INTERVIEW WITH COLD FRONTMAN SCOOTER WARD
This interview with COLD frontman Scooter Ward was rescheduled
three times, and we're glad that we finally got a chance to pin the guy
down for a few minutes. Well, Rob from Paragon Music Magazine did the actual interview with the questions I tossed over. After losing guitarist Terry Balsamo to EVANESCENCE, and jumping ship from Geffen, it was once rumored that we might not hear from Cold ever again. Well, the band has just released 'A Different Kind of Pain',
and is out on the road promoting it. What Scooter says about touring
and the money a band makes might just shock you. This is how it all
went down...
Paragon Rob: Okay, I have some pretty serious questions, and some goofy ones for you.
Scooter Ward: Pretty serious
questions, man? I’d rather not go back to the dark place, you know? My
whole life was like that, so for this record, we changed our attitudes
and our vibe, so we really don’t like to talk about really serious
stuff, because it’s just too much.
Steve C: You guys just played Boise,
Idaho. We're all a bunch of New Jersey degenerates who have never been
to Idaho, so tell us, what's the greatest thing about Boise (sure, you
can say “potatoes,” but we're looking for something slightly less
obvious).
Scooter Ward: We don’t get to play
or anything. All we do is go up in the bus and get on stage, so I
really don’t know anything about Idaho. Potatoes, I guess, that’s about
it.
Steve C: With the release of
A Different Kind of Pain, you guys are now on a new label, and have a slightly different lineup than you did with
13 Ways To Bleed Onstage. How are your priorities different in 2005 than they were in 2000?
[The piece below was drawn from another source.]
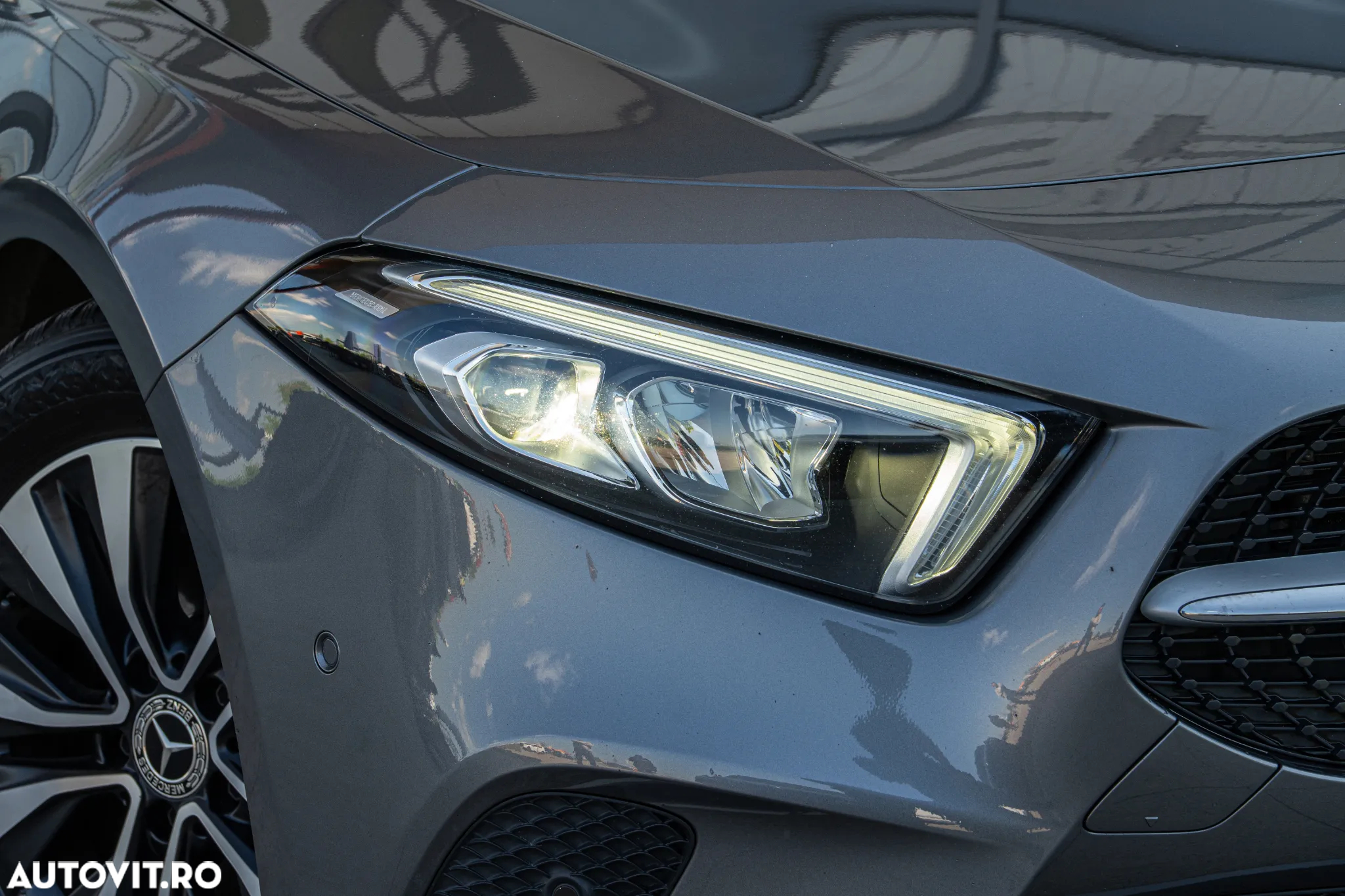 Mercedes-Benz A 180 d 7G-DCT - 25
Scooter Ward: I think we’re more
focused and I just think we’ve learned lessons through our career, and
what to do and what not to do, like an alcohol and drug addiction that
I had for a long time, and I’m sober now, everybody’s positive. We know
what we have to do and how to deliver songs now when we get up on
stage. It has changed drastically. Our live show is 200 times better
than it ever was, and every night kids are just freaking out so it’s
really cool, it’s a good feeling.
Steve C: In your opinion, what's a
better way to spend 100 Grand: shooting a video that MIGHT get some
airtime on a video channel or getting a slot on
Ozzfest for a summer to play out in front of thousands of kids?
Scooter Ward: Definitely playing
shows. Videos, nowadays, are just so up in the air. You never know if
they’re gonna catch onto it, or what’s going to happen with it.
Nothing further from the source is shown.